# BREEDING SEASON 2011



## ALDABRAMAN (Oct 12, 2011)

We have noticed that this past mating season with our colony of aldabras has been way above average. The weather has been beautiful here in SW Florida. We have noticed our males very active and our females highly receptive during the mating process. My question is have any fellow tortoise breeders, any/all species, noticed any differences in this past breeding season than past breeding seasons?

 Please feel free to add any comments regarding this topic, positive or negative. Thanks to all for participatio, ALDABRAMAN.


----------



## matt41gb (Oct 13, 2011)

My red-foots have been breeding since March, but not more than usual. We had the hottest and driest summer on record this year, but they would breed if I had the sprinklers on. I ended up with 23 eggs this year as opposed to just nine last year. 

-Matt


----------



## cdmay (Oct 13, 2011)

Yep. My males were breeding maniacs this summer. They have slowed a little the past couple of weeks but they are still very active even now.


----------



## jackrat (Oct 14, 2011)

Mine are breeding all the time,but the females are all laying later this year. They were all wide open in September last year. This year,so far,only two individuals have started laying. One of them has laid two clutches.The other,one clutch,last night.


----------



## Tom (Oct 14, 2011)

In my pen the breeding season only lasts from early January to late december every year. My male breeds them nearly every day. No different this year.


----------



## Az tortoise compound (Oct 14, 2011)

Nesting behavior and egg laying started later this year...across the board.
Like Tom's yard, breeding behavior around here is as common as sunshine in AZ.


----------



## Guggie (Oct 14, 2011)

Tom said:


> In my pen the breeding season only lasts from early January to late december every year.


Ha!!


----------



## DeanS (Oct 14, 2011)

It strikes me that everyone who's had successful breeding (and production) in the past are exceeding previous endeavors! Now! There are a lot of new faces having first-time success, as well! Definitely...above average!


----------



## N2TORTS (Oct 14, 2011)

Greg ....yes matter of fact I just came home and 2 of my Cherry's are laying same night, same time . We too have had an Indian Summer' with temps higher than norm for this time of year . I have noticed this year the torts are a month behind their normal egg laying times. Usally I start getting eggs in early Aug/ Sept. ....but now mid Oct ?
keeping ma' fingers crossed~ 


JD~


----------



## Geochelone_Carbonaria (Oct 27, 2011)

I just voted "below avarage", but this can be explained by the very dodgy and unusual summer we've had here in Sweden this year. Not very warm, not very cold, quite a lot of rain, but most cloudy.
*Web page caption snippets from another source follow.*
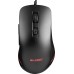Мишка LogicConcept Starr One 3200dpi 6кн 7 LED color (M-LC-LM-STARR-ONE)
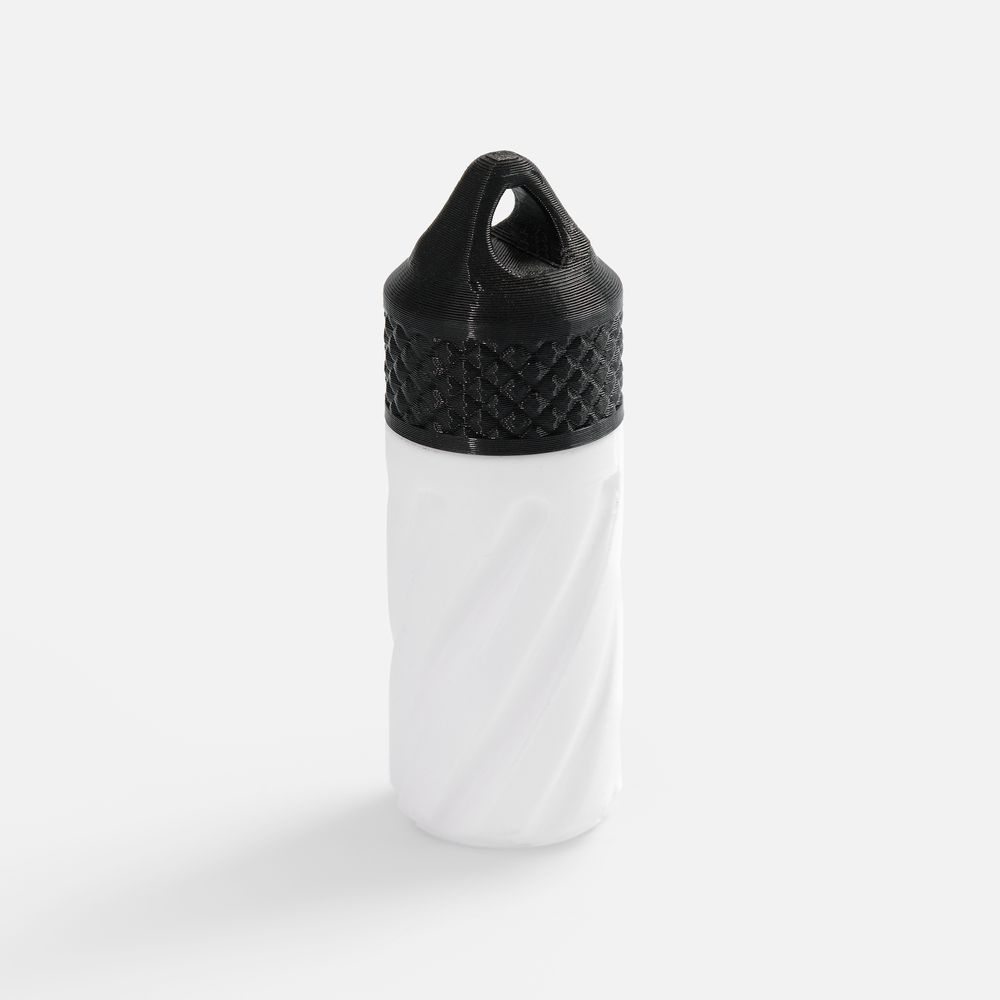 Фигурка Impreso M, 3D-печать на заказ-2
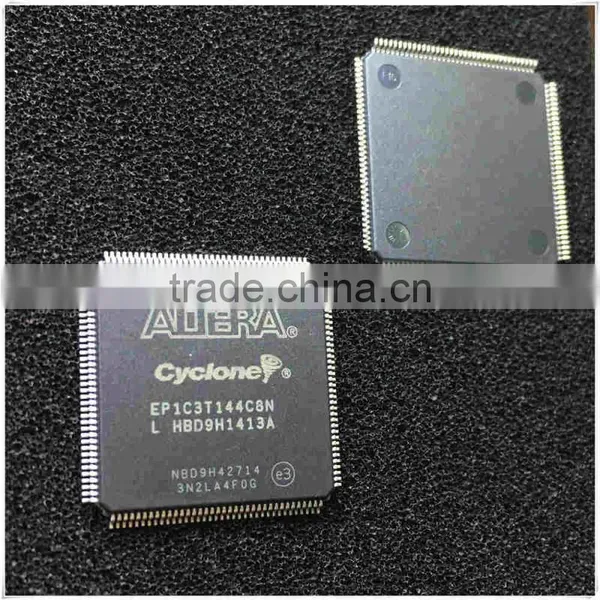 EPM7064 photo-5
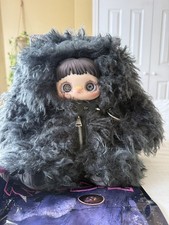 Bambola ribelle MayMei -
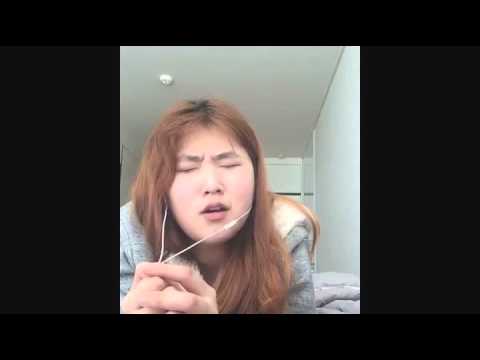 [everysing] 사랑.. 다 거짓말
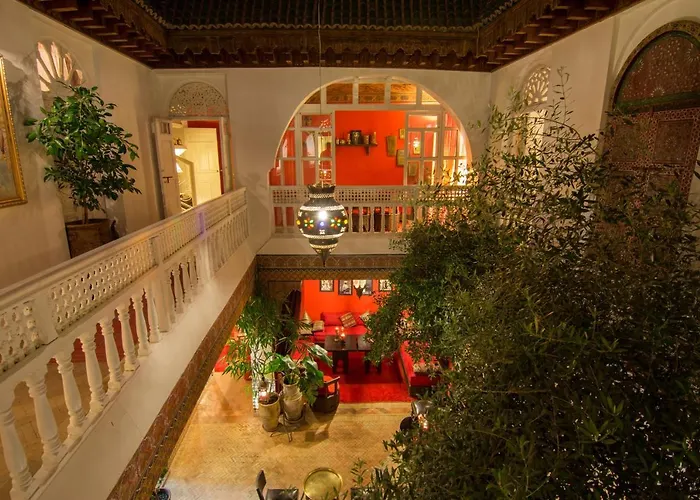 La Terrasse Des Oliviers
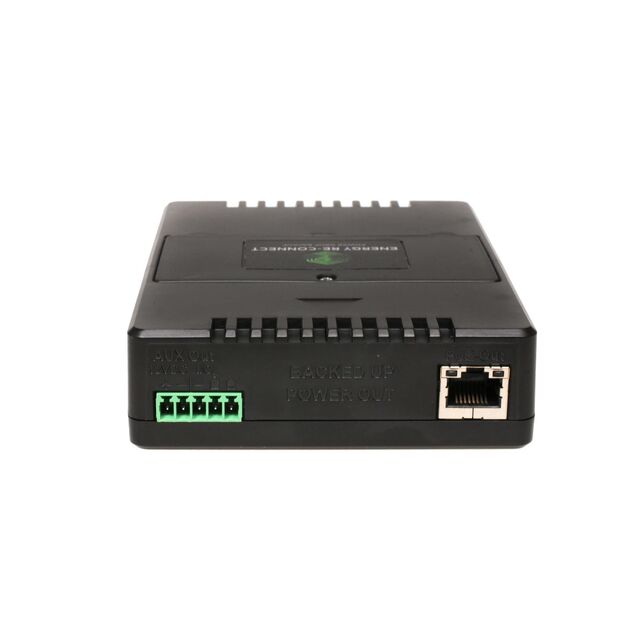 ERC-9005AF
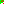 Destellos dst-8920143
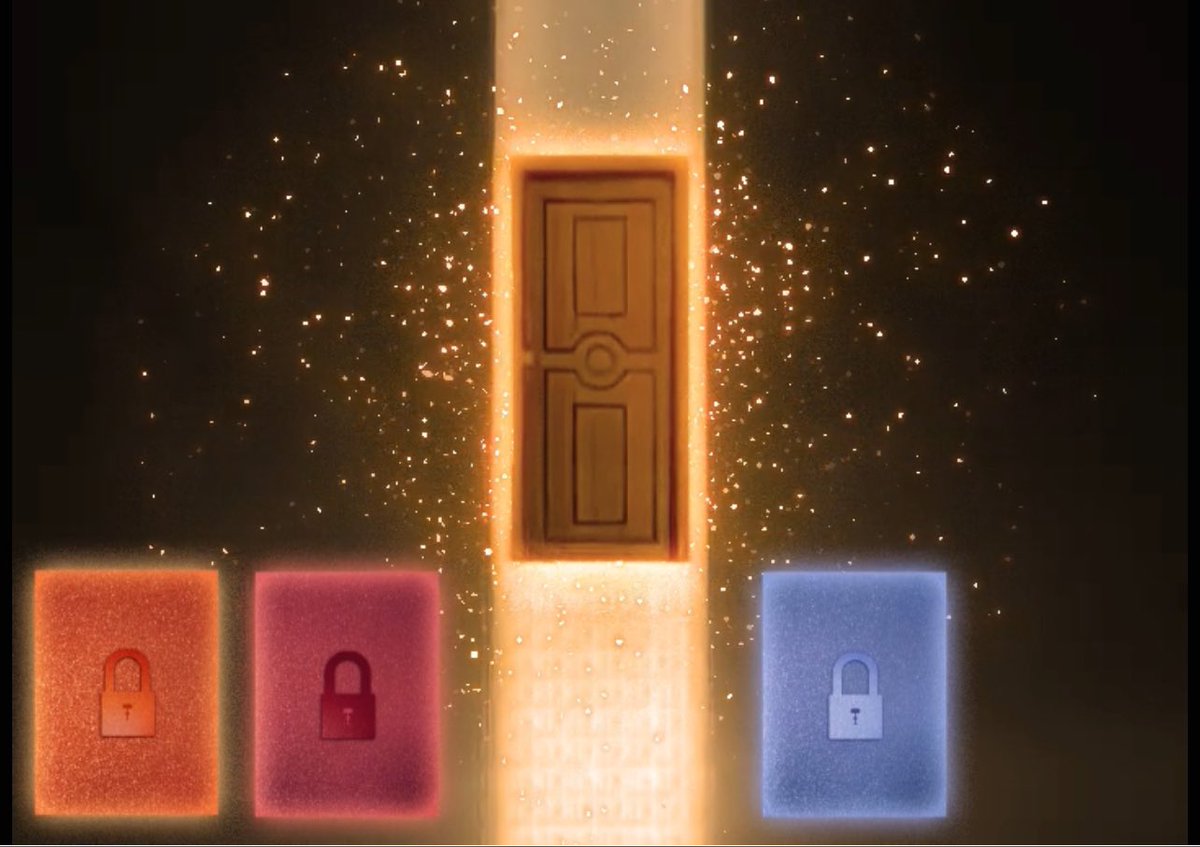 A NEW BOMBSHELL HAS ENTERED THE VILLA!!!!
As I wrote in another thread, one of my females has laid four clutches this year, starting in march (5 eggs indoors), may (5 eggs outdoors), august (3 eggs outdoors) and last week (3 eggs indoors).One other female laid 3 eggs outdoor in july, but the others havn't laid any eggs at all !

So far, the females has laid 19 eggs, I still got 16 eggs in the incubator, and I've lost 3 that was rotten from the first clutch :-( 

Read more: http://www.tortoiseforum.org/Thread-Last-Redfoot-clutch-for-this-season#ixzz1c0vnA7tq


----------



## N2TORTS (Oct 27, 2011)

So far average , but the strange thing is all the females seem to be about 6 weeks late in laying eggs. Just in the past week I have had 3 females lay 11 eggs total , and expecting 3 more to pop anytime soon. Maybe what I call and Indian summer" .. might be the cause as where I live we still have very warm temps for this time of year. I also have noticed alot of my exotic plants still in bloom . I have plumerias in full bloom and its almost Nov?... wild huh ? ...
Anyhow .. wishing everyone a happy hatching , and hopefully we all will be happy campers in about 4 months ....

JD~


----------